As dificuldades económicas que a pandemia da COVID-19 colocou sobre muitos países podem levar a mais golpes no continente, de acordo com o professor assistente queniano, Mwita Chacha, que ensina na Universidade de Birmingham.
“Assumindo que a recuperação continue lenta e depois para aqueles Estados que são vulneráveis a golpes, aqueles que no passado experimentaram golpes, aqueles que estão a registar um aumento de descontentamento público com a liderança no poder e aqueles onde os que estão no poder têm dificuldades de lidar com os interesses das forças armadas, provavelmente venham a enfrentar a intervenção do exército agora e no futuro,” disse Chacha à ADF.
Chacha acrescentou que respostas fracas por parte de organizações multinacionais, como as Nações Unidas e a Comunidade Económica de Estados da África Ocidental, perante as tentativas dos líderes de continuarem no poder, através da manipulação das constituições dos seus países — conforme aconteceu na Guiné — podem de igual maneira levar a mais golpes.
Para prevenir ou reverter os golpes é necessário que os países cooperem mais de forma mais próxima em matérias de sanções internacionais contra os perpetradores de golpes, para obrigá-los a renunciarem ao poder, disse.
“Uma melhoria da coordenação torna-se, por conseguinte, um potencial meio para desencorajar a tomada ilegal de poder,” explicou Chacha.
Este tipo de esforços enfrenta dificuldades, contudo, se um actor principal não participar.
“Penso que um ponto que também pode ser levantado é o facto de actores como a China, que não colocam condições políticas para as ajudas económicas, podem estar a contribuir para a perda de qualquer efeito desencorajador que a comunidade internacional tem sido capaz de criar,” disse Powell.
Enfim, para reduzir os golpes em África é necessário que o exército aceite o papel não político, subordinando-se aos líderes civis, aconselhou Chacha. Também é necessário que aqueles líderes civis prestem serviços básicos, encorajem o crescimento económico e honrem o Estado de Direito quando se trata de coisas como fim de mandatos.
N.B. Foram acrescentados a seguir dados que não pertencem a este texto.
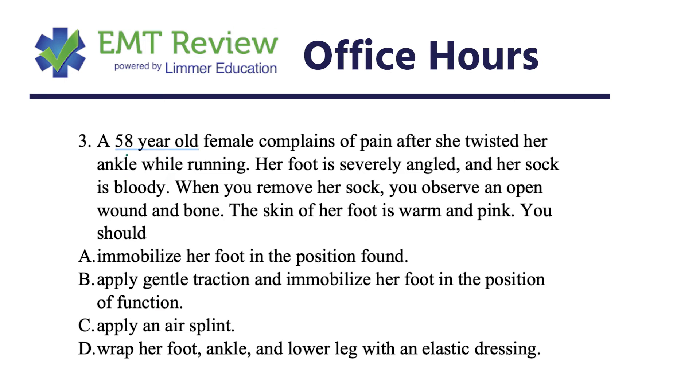She's a 58-year-old female who complains of pain after twisting her ankle while running. Her foot is severely angled and her sock is bloody. When you remove — cut that sock off — you observe an open wound with bone visible. The skin of her foot is warm and pink. This is a classic registry-style question: what do you do?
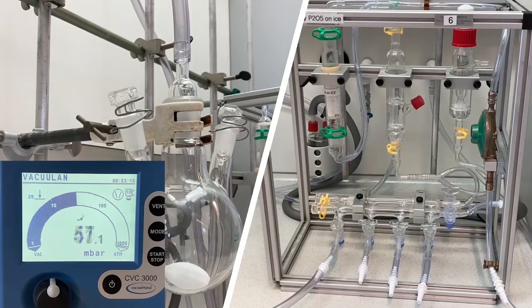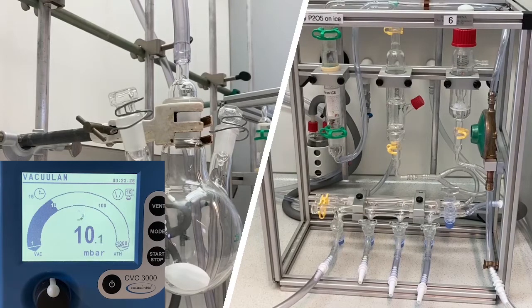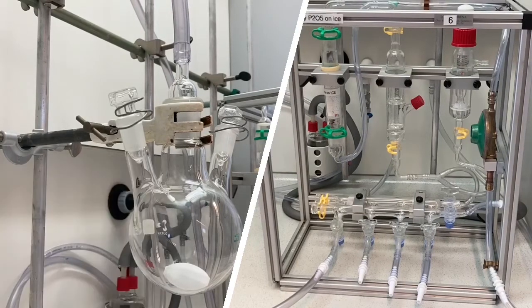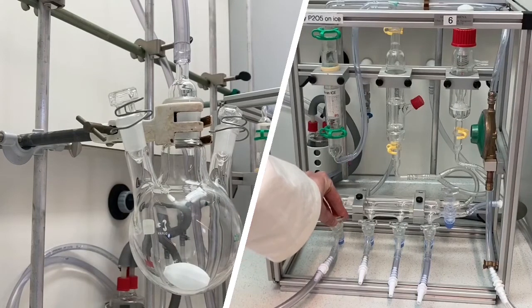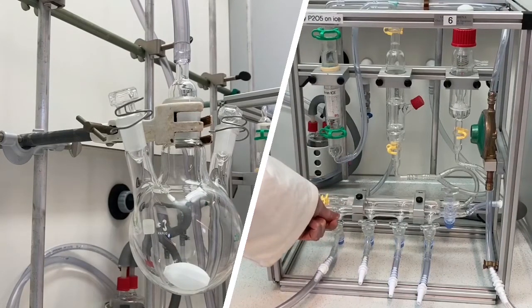The bigger the system, the longer it will take to reach full vacuum. If you use a pump, you will hear the pump change pitch when it has reached full vacuum. Alternatively, check the monitor of the in-house system to see if the pressure is stable. When it is stable, close the tap and slowly open it towards the nitrogen.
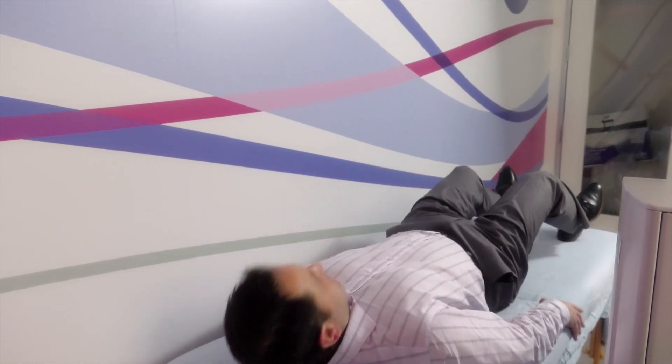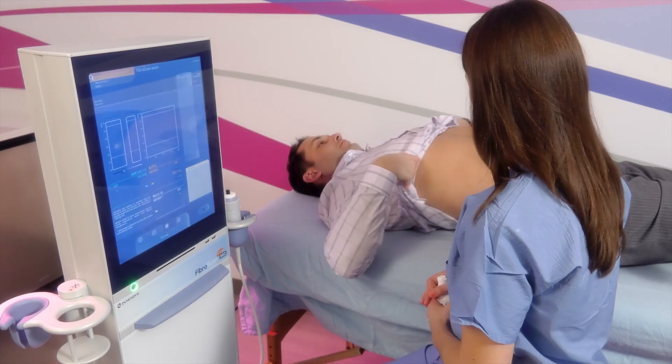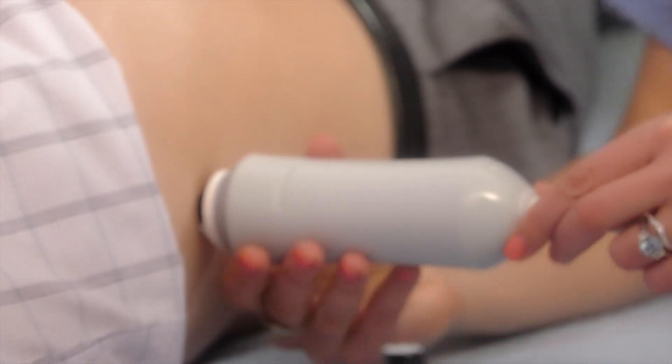The FibroScan operator will have you lie on your back and ask you to raise your right arm behind your head. With your shirt pulled up to expose your ribcage, allow the operator to correctly locate the FibroScan probe. The painless, non-invasive procedure will then begin.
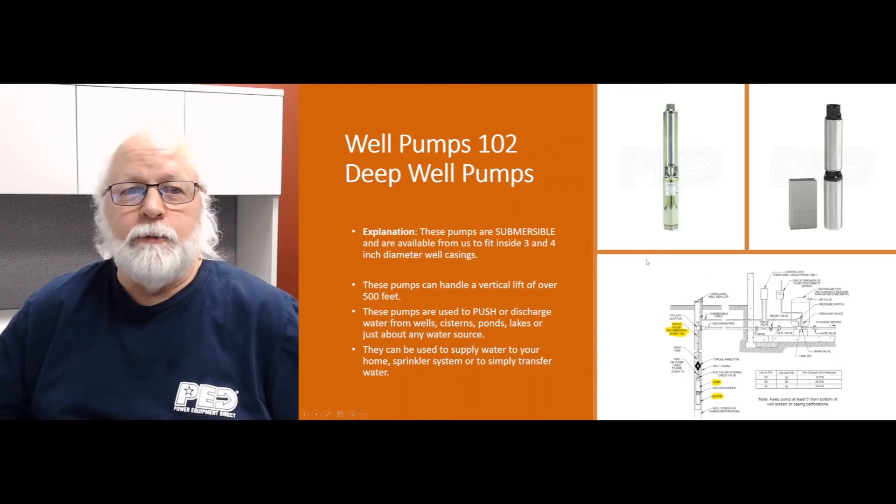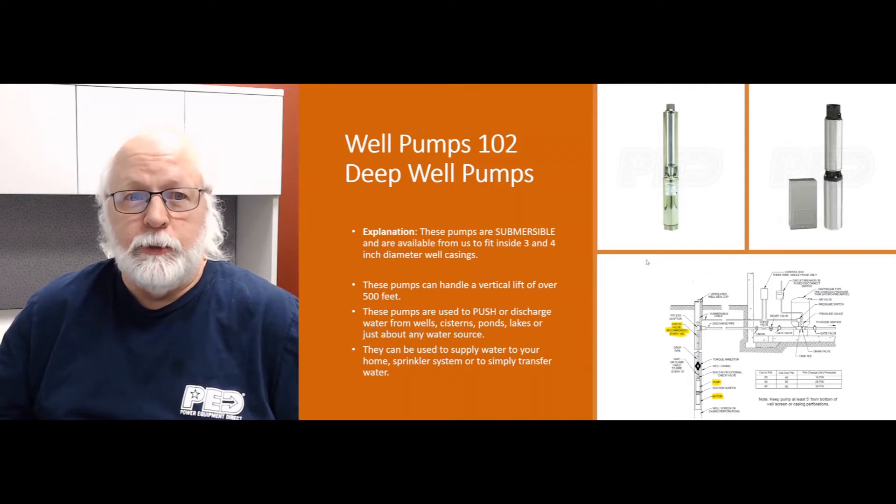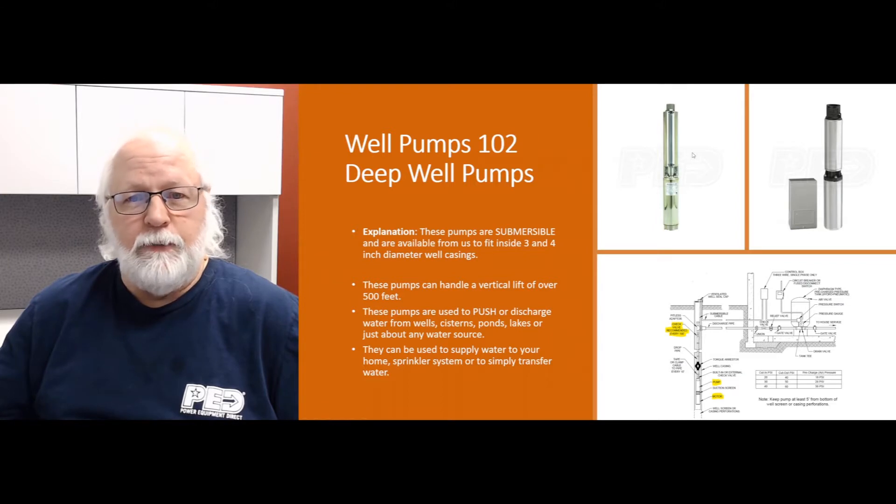Hi, this is Jim, your project expert with Water Pumps Direct, coming to you with another Q&A video for your viewing pleasure and enjoyment. Today we're going to touch on Well Pumps 102, or deep well pumps, and get a little more in depth on how these pumps work and what their role is in wells and feeding water to your home or sprinkler system.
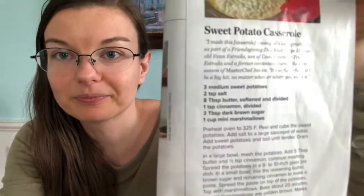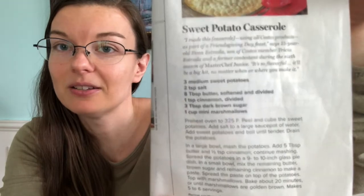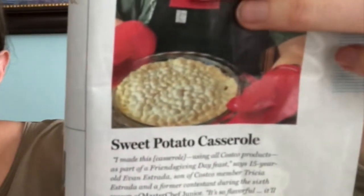Next is sweet potato casserole from a Kroger magazine. I'll show the recipe quickly if you want to screenshot it. It has really simple ingredients. I use dairy-free butter and bake it in a pie dish with marshmallows on top — toast it and it turns out really good. Those are my main side dishes: cornbread pudding, green bean casserole, ham, cranberries, and you can always add roasted vegetables or other simple things.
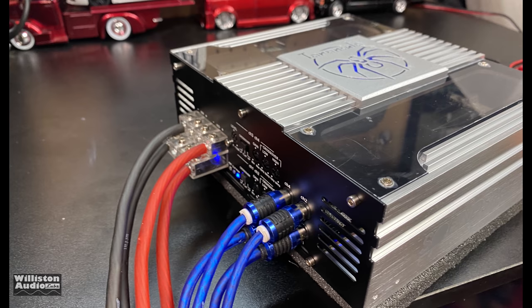If you guys like this test and want to see me test the four-channel version of this amp, leave a comment below — let me know and maybe I'll do that for you. Big D, signing out. Thanks again for watching.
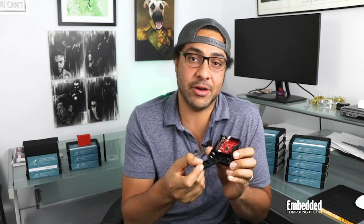This entire kit runs off either AAA batteries that slot into the bottom side here, or a coin cell, but for that you'd have to solder on a holder somewhere.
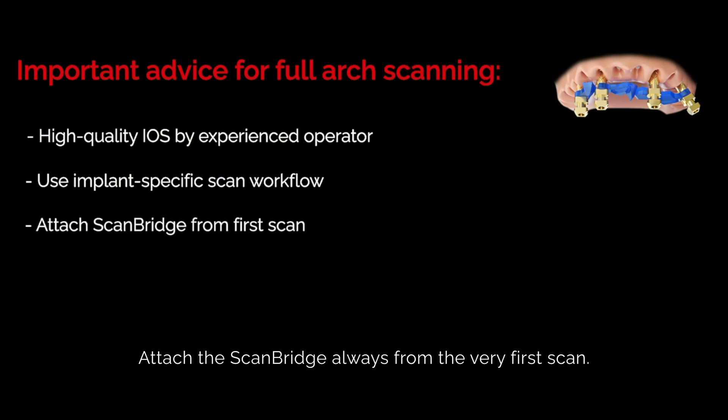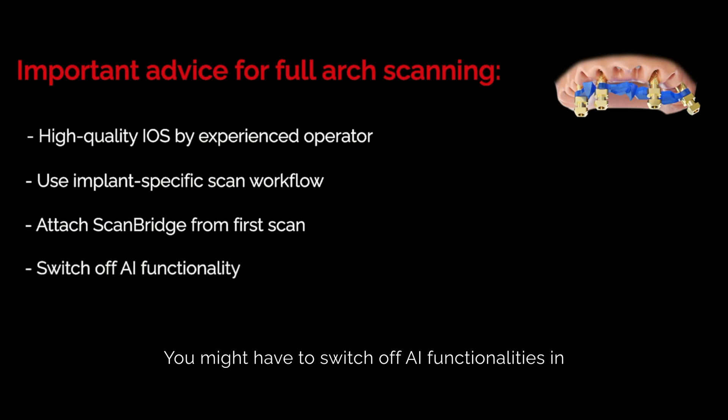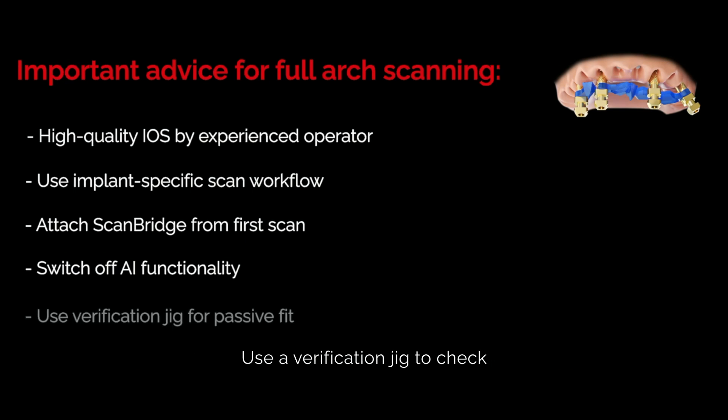Attach the scan bridge always from the very first scan, as this first scan defines the accuracy of the full arch. You might have to switch off AI functionalities in case the scanner automatically removes the scan bridge.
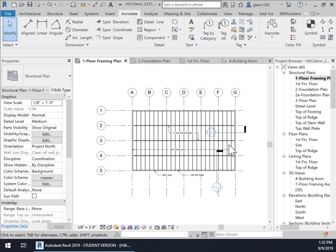In this tutorial, what we're going to do is set up a floor framing plan, as it says right here. And this is the floor framing plan right here. We're going to go in and start with the finished floor — the first finished floor in the structural plans.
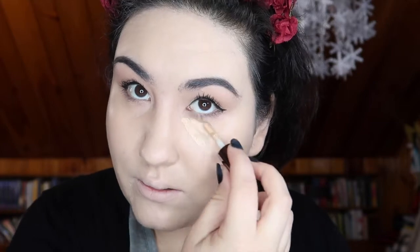I'm going in with concealer — the Urban Decay Naked Skin concealer, the little mini in shade Light Neutral — to apply under my eyes. Then I'm going in along my smile lines because I tend to crease there throughout the day, so I'm going to try to bake there as well to prevent that.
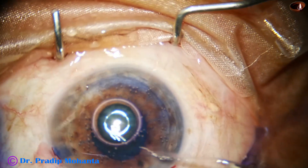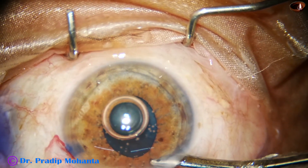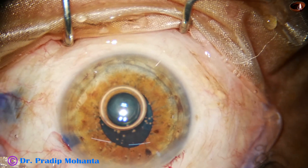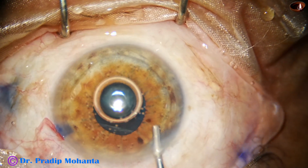This is a bit of phenocaine and it did not have any effect on the size of the pupil. Phenocaine is a combination of tropicamide, phenylephrine, and lignocaine.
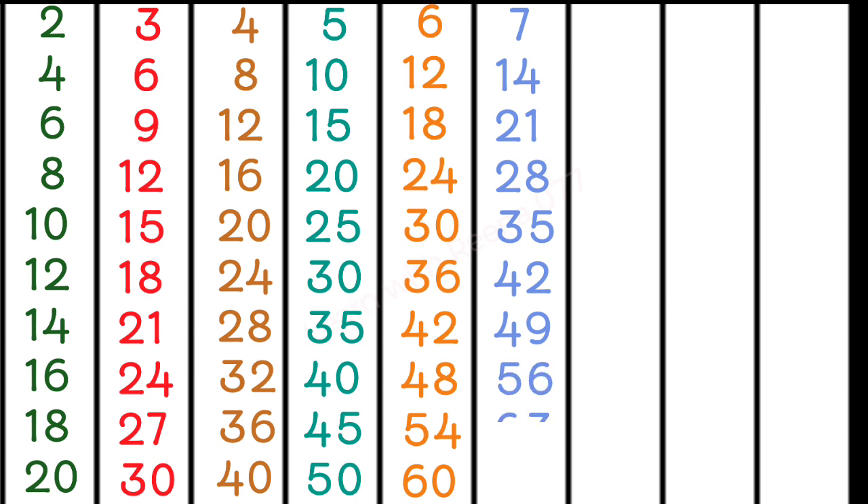7 8s are 56, 7 9s are 63, 7 10s are 70, 8 1s are 8.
“Nestas condições,” disse Chacha, “as motivações para golpes, inspiradas pelo público ou pelos próprios objectivos do exército, tornam-se menos capazes de alcançar algum sucesso.”
1 comentário
Os golpes de Estado têm, na sua origem, múltiplos fatores, de entre os quais o fator político, motivado pela ganância e colagem ao poder pelos políticos que, uma vez chegados ao poder, de lá não querem sair e arranjam subterfúgios de toda a natureza para nele se perpetuarem. Neste caso os militares têm sempre o apoio do povo quando decidem derrubar o ditador pela força das armas. O povo vêm os militares como patriotas e a solução dos seus problemas. O mundo não deve opôr-se a esses golpes. Golpear um ditador e destroná-lo não é um mal para a nação. Agora, há golpes cuja origem reside nos militares sedentos dos seus próprios interesses e em desalinhamento com os interesses do povo. Neste caso o mundo deve opôr-se energicamente contra os militares golpistas e não tolerar qualquer tentativa nesse sentido.
Qualquer golpe de estado deve ser motivo de preocupação uma vez que os militares, em qualquer circunstância, com razão ou sem ela, nunca são a solução. Os regimes militares no mundo são sempre más referências que submeteram os povos à opressão, à perseguição, à ausência de liberdade política, de expressão, de imprensa e outras, com rastos de abusos de poder, de prisões arbitrárias, torturas e mortes. Por isso os militares no poder são um perigo para a nação e tudo deve ser feito para restituir o poder aos civis que devem exercê-lo em nome do povo e num quadro legal e constitucional em que o povo, livremente, escolhe os seus representantes e os seus governantes.